In PHP, one might want to define a hash function similar to bcrypt using the crypt function as follows:

function mySlowHash($password, $salt, $cost) {
     $options = sprintf('$2a$%\'.02d$%\'.22s$', $cost, $salt);
     return crypt($password, $options);
}

During registration the method does not change, we compute a salt and then a fingerprint.

function transform($password) {
     $salt = bin2hex(random_bytes(16));
     $hash = mySlowHash($password, $salt, 10);
     return $hash;
}

When authenticating your users, you can use the stored version as an option for crypt() to recompute the hash.

function verify($password, $transformed) {
     $hash = crypt($password, $stored);
     return hash_equals($transformed, $hash);
}

And now ?

If you're developing an app, frankly, I wouldn't recommend reinventing the wheel like I did in this article. It was just to show you why and how.

Not only is doing things yourself a potential error trap when it comes to cryptography, but also (mainly?) because you would also have to deal with the notion of updating the algorithm (what would you if you need to increase the cost of the hash? the length of the salt? or the algorithm?).

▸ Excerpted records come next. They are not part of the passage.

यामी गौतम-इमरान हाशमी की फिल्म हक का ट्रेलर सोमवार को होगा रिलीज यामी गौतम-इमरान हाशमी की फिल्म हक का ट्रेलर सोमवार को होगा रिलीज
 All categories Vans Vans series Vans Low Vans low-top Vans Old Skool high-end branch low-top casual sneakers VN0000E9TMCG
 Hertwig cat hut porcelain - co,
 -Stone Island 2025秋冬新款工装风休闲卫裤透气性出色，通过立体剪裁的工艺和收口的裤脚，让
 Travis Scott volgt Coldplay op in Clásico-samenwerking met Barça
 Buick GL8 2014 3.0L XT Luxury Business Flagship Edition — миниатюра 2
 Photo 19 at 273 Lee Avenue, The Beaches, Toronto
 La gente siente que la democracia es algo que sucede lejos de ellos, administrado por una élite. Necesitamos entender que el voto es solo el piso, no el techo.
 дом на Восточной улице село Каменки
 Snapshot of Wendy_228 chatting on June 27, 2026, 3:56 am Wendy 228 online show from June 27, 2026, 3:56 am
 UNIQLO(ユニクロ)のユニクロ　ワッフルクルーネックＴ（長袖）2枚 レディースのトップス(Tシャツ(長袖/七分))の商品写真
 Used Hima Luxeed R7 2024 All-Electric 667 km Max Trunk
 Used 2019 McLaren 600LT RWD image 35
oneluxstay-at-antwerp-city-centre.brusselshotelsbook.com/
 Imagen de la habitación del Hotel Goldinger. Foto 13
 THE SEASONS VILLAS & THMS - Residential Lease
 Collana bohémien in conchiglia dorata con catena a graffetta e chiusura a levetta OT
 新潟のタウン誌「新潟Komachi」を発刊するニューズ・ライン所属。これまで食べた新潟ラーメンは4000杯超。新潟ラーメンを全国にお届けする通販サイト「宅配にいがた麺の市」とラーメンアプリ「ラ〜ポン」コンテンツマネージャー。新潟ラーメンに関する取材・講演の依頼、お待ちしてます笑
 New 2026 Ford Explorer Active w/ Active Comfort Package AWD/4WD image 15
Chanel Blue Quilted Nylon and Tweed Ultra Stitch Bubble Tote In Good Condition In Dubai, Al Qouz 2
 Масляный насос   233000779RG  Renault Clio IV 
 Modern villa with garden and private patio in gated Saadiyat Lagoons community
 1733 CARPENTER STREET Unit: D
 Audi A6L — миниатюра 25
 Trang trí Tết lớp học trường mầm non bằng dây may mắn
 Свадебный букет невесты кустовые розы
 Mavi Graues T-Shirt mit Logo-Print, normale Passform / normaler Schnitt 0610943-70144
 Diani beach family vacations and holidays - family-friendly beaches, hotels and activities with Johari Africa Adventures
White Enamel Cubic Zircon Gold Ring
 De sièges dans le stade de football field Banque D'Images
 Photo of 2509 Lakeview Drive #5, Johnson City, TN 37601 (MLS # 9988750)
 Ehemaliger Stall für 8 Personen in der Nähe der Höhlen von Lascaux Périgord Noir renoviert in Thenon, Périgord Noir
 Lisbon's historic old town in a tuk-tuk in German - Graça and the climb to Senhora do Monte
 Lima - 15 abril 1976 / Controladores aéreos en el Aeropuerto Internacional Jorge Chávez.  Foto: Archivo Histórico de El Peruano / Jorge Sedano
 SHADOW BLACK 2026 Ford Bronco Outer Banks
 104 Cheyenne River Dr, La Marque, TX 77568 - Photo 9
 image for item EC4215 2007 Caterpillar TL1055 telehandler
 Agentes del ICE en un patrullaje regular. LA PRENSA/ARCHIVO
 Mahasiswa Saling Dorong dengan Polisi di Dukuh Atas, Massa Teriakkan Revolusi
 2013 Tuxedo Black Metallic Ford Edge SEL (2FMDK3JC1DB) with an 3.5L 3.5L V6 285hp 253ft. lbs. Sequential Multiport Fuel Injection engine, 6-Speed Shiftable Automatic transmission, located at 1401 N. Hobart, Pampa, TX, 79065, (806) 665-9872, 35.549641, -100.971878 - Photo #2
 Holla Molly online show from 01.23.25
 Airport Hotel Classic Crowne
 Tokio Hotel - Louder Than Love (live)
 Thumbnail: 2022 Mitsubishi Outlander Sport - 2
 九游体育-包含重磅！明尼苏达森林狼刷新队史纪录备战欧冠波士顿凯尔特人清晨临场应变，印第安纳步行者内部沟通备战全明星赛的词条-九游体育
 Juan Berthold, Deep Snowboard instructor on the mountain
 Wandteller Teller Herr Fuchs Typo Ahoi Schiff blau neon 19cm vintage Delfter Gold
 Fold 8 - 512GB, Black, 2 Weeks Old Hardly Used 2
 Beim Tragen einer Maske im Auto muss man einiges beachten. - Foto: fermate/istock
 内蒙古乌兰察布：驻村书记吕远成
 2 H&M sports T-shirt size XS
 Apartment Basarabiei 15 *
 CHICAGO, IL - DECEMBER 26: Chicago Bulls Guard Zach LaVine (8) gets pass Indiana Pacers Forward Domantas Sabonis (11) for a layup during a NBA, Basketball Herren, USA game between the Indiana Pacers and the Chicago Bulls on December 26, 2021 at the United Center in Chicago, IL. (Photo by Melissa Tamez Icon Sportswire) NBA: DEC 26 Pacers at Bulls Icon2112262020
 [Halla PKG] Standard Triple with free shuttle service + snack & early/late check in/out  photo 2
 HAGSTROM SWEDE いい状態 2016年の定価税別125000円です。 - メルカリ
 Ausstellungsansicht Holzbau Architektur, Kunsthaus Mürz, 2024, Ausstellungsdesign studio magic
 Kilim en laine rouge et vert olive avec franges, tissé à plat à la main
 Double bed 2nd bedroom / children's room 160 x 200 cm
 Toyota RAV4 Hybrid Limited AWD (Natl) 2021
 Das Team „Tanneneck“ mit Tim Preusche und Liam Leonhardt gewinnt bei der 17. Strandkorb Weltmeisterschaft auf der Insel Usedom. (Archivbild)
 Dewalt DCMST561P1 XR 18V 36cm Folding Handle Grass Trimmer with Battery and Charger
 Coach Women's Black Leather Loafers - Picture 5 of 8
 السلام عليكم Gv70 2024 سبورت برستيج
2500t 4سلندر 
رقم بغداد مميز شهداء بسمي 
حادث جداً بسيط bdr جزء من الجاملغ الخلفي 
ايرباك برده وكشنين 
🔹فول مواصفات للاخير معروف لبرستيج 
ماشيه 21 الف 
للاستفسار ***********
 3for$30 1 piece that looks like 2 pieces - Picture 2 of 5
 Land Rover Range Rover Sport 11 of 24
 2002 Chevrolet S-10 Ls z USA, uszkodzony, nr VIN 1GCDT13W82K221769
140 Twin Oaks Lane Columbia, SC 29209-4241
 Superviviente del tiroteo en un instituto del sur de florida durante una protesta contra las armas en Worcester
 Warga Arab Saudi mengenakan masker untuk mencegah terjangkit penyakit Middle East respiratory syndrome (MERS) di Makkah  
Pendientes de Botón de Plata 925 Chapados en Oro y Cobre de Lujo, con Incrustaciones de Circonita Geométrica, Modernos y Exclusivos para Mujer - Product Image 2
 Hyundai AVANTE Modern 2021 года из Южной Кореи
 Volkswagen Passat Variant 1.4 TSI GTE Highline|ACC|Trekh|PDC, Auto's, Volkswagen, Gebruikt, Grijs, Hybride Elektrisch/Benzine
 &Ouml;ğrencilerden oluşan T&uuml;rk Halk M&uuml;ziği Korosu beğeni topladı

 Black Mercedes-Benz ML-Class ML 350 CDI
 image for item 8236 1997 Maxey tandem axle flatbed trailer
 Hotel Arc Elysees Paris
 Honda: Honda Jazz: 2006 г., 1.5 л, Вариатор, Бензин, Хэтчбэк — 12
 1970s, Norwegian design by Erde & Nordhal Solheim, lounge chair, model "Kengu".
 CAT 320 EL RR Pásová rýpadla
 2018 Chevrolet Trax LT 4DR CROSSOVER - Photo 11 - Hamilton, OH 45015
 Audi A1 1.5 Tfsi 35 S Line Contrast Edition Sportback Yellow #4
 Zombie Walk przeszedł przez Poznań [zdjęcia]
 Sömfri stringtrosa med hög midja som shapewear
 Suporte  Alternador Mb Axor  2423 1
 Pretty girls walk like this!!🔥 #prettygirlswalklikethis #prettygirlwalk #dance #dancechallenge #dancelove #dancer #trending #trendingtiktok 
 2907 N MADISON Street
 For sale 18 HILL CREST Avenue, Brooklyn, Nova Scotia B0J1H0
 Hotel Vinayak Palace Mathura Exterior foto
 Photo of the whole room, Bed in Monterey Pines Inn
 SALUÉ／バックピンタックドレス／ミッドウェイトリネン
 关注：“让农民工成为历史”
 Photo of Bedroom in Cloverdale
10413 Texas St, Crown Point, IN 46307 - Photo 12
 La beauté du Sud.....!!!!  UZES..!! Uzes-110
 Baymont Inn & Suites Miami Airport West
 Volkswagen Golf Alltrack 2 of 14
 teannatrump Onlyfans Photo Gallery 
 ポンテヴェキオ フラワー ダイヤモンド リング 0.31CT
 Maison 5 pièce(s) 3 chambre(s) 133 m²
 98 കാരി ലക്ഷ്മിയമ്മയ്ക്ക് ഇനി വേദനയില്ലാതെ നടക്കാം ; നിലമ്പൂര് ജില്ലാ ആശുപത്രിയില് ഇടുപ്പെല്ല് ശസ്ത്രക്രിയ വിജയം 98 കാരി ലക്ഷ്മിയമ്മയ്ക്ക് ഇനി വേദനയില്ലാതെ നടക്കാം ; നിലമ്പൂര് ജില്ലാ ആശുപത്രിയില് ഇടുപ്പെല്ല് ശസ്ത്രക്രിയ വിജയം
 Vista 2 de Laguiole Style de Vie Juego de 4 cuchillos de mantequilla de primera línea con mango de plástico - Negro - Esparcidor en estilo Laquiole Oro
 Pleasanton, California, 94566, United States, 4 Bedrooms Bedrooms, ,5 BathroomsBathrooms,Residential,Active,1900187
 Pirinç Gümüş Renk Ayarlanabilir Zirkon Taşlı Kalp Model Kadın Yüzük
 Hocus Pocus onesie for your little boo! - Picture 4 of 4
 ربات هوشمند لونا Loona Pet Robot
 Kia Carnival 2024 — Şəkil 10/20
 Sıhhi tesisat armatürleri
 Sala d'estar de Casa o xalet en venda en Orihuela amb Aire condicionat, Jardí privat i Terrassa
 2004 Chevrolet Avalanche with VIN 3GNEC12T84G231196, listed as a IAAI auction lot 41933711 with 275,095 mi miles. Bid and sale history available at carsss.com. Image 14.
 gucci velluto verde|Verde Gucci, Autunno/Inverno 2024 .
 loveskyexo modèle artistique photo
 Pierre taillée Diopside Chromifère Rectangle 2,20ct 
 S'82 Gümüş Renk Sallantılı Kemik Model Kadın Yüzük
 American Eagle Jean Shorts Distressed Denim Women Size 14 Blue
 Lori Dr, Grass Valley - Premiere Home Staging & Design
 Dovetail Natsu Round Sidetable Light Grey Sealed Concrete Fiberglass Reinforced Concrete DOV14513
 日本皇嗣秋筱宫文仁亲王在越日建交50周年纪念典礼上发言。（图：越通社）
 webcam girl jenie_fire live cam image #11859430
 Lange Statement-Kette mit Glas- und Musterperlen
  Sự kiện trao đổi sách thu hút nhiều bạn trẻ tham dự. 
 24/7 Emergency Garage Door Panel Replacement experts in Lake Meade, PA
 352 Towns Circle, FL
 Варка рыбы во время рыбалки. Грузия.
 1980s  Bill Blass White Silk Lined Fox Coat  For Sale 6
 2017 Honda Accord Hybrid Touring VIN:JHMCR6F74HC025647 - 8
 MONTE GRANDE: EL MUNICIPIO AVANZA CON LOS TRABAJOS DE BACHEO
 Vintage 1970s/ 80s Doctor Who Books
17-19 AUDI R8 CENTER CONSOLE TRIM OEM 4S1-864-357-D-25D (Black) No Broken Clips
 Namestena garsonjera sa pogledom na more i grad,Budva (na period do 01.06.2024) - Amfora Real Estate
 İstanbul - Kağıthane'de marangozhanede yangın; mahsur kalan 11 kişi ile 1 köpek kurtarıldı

Because PHP is a serious and practical language, we have the two functions password_hash() and password_verify() which do exactly what we need:

They will hash the passwords using the most suitable functions of the moment,
They will salt passwords, using safe random generation,
They will perform their operations in constant time to avoid temporal attacks,
They will take care of formatting issues to run smoothly.

I should actually replace the two functions transform() and verify() with these two:

function transform($password) {
     return password_hash($password, PASSWORD_DEFAULT);
}

function verify($password, $transformed) {
     return password_verify($password, $transformed);
}

For other languages, you may not have similar functions natively. I would tell you to switch to PHP but I know it's not always possible 😉. So here are some tips...

C/C++: you can directly go to OpenBSD source or the openwall version but nothing will ever be simple…
Python: the bcrypt library offers equivalence functions bcrypt.hashpw() and bcrypt.checkpw(),
Java: Spring Security library allows using bcrypt to hide passwords,
bash: the command htpasswd allows to generate it (i.e. with the options bnBC, see i to read stdin and avoid it appearing in the history)
Node.js: The bcrypt on NPM library allows using a similar hash() and compare() function.